THE TASK: Copy word for word the lines in the records below, starting at the line with "Fly Rod Minnow Gold Patent Us2149464a" and ending at the line with "パラッツォ古野(1K/4階)の間取り写真". Skip the pictures.

DATA EXTRACTS:
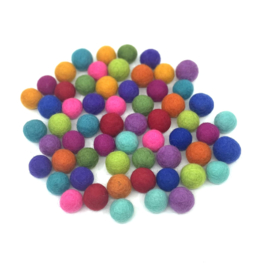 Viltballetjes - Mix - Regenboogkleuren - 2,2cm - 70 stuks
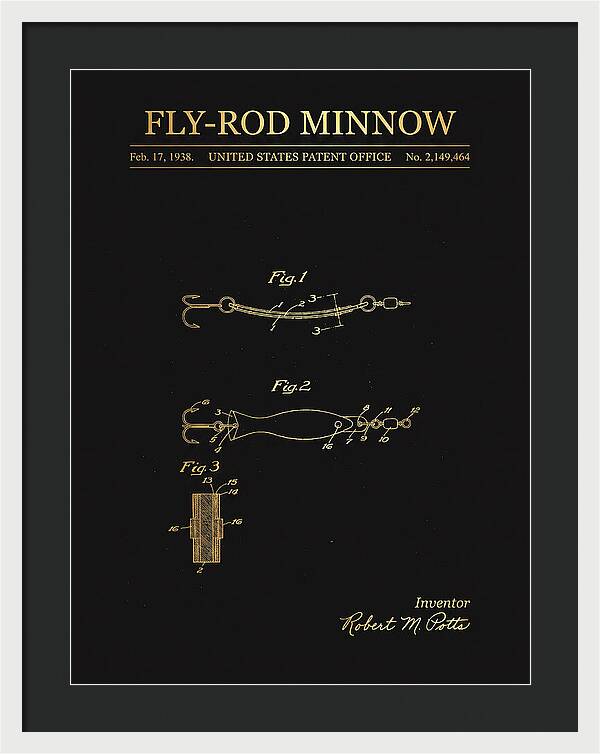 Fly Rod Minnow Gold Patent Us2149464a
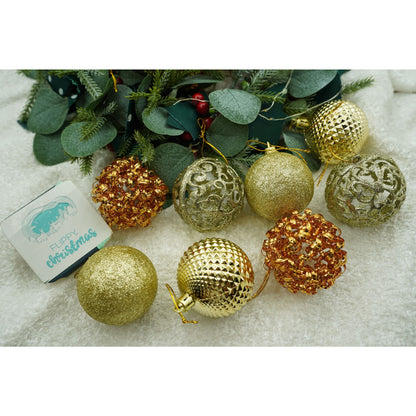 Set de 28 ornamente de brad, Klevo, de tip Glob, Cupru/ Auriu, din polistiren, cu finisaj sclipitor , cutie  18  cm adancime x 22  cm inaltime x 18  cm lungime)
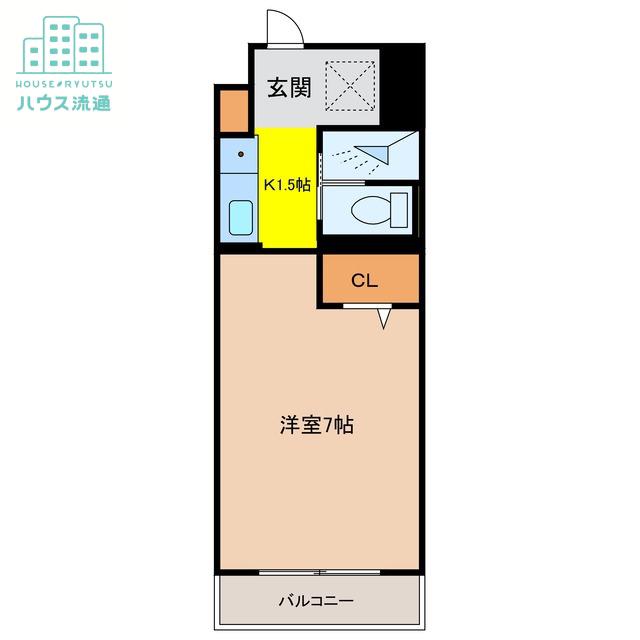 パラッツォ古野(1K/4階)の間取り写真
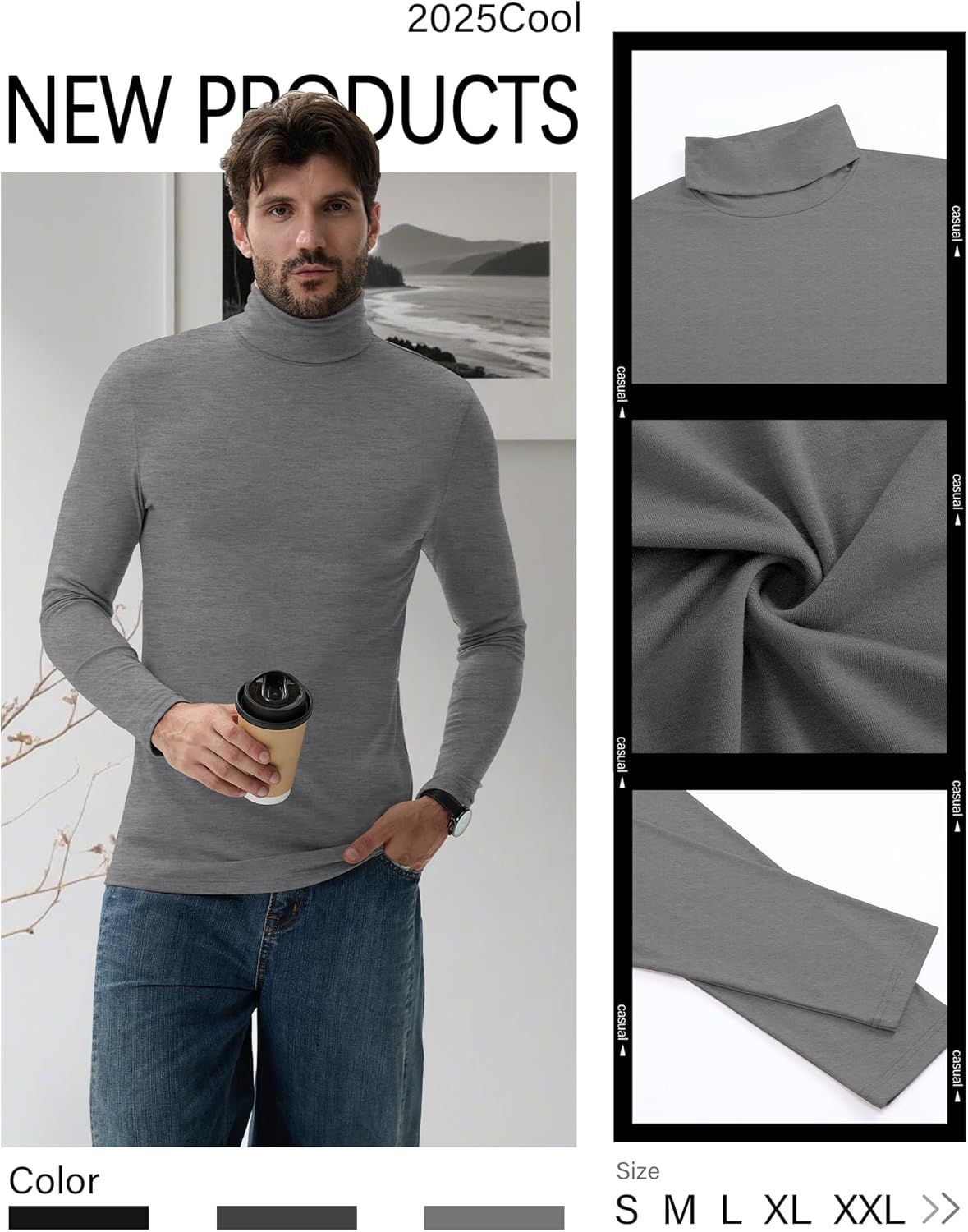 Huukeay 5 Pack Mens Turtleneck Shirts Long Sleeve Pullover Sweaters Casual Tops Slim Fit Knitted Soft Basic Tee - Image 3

TASK OUTPUT:
 Fly Rod Minnow Gold Patent Us2149464a
 Set de 28 ornamente de brad, Klevo, de tip Glob, Cupru/ Auriu, din polistiren, cu finisaj sclipitor , cutie  18  cm adancime x 22  cm inaltime x 18  cm lungime)
 パラッツォ古野(1K/4階)の間取り写真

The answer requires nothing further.